##### The data

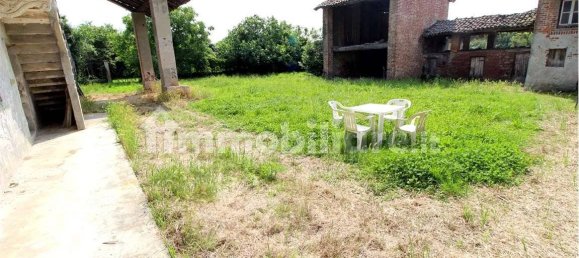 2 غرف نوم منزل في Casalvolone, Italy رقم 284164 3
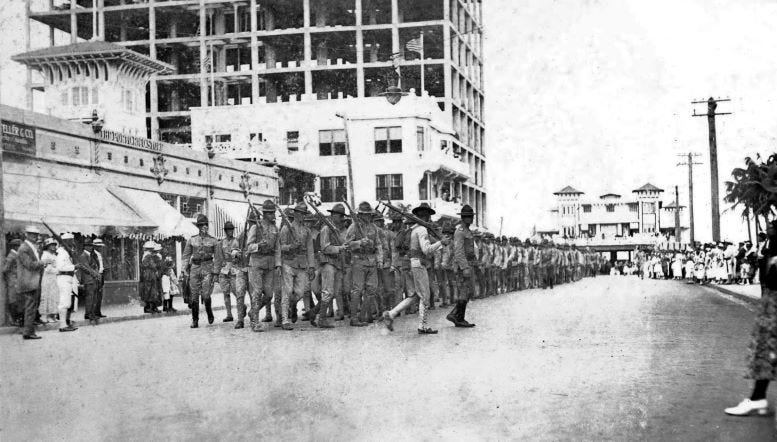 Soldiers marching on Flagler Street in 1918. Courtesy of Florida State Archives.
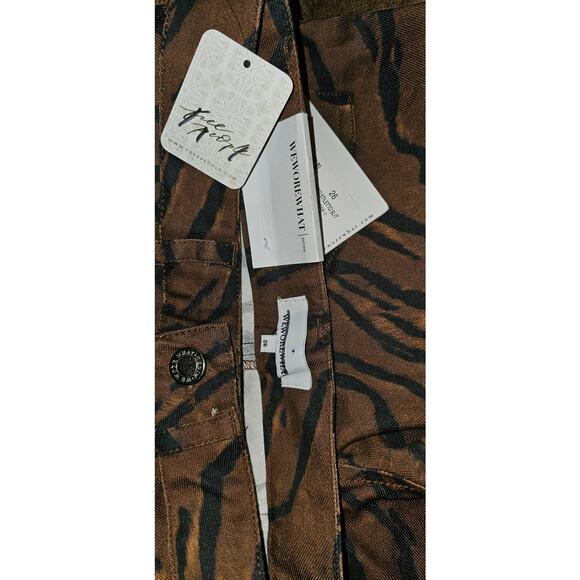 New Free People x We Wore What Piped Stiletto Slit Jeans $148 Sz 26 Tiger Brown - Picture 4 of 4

##########

What to produce: The listing above should be repeated word for word, pictures removed.

Written answer:
 2 غرف نوم منزل في Casalvolone, Italy رقم 284164 3
 Soldiers marching on Flagler Street in 1918. Courtesy of Florida State Archives.
 New Free People x We Wore What Piped Stiletto Slit Jeans $148 Sz 26 Tiger Brown - Picture 4 of 4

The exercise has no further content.